* Data shown *
□ □ □ □ □

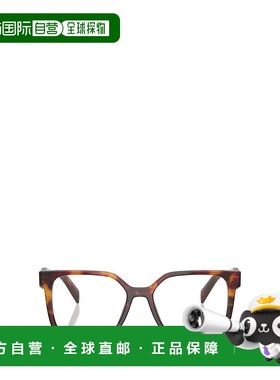 1h可退 香港直邮Prada 普拉达 女士 方框平光镜 PRB03V black黑色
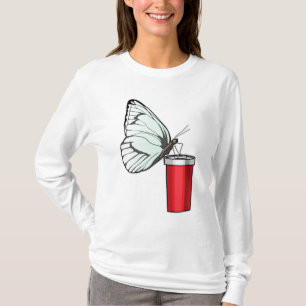 Butterfly Drink Tasse T-Shirt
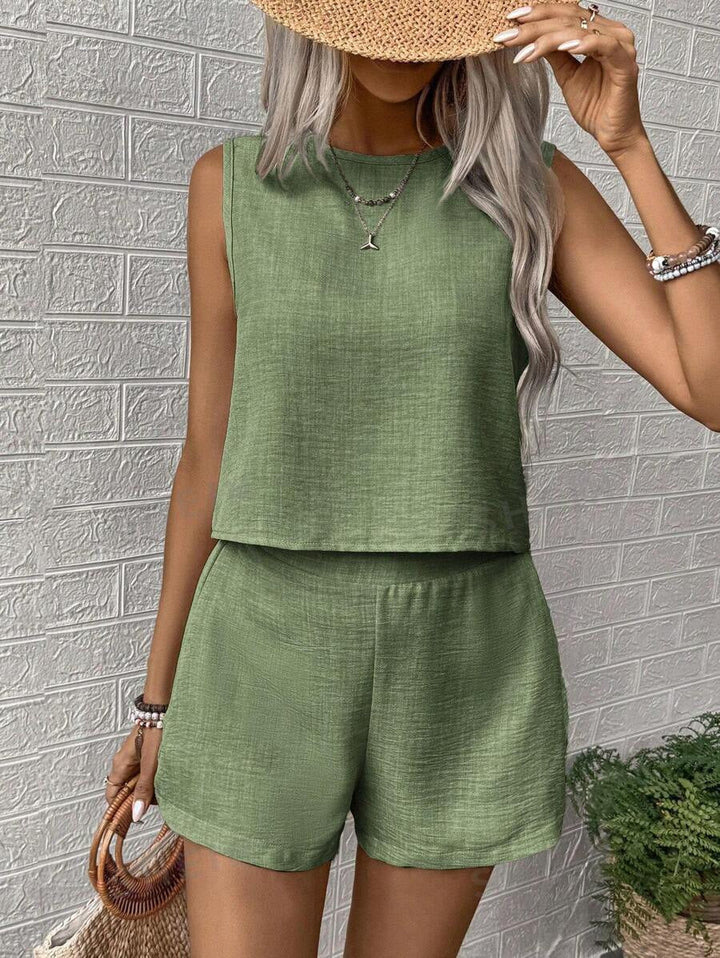 Damer Avslappnad Set med Cropped Topp och Shorts Mirla-Eva Jonsson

□ □ □ □ □

* Brief *
When you transcribe the lines above, keep every word exact but leave the pictures behind.

* Exercise output *
 1h可退 香港直邮Prada 普拉达 女士 方框平光镜 PRB03V black黑色
 Butterfly Drink Tasse T-Shirt
 Damer Avslappnad Set med Cropped Topp och Shorts Mirla-Eva Jonsson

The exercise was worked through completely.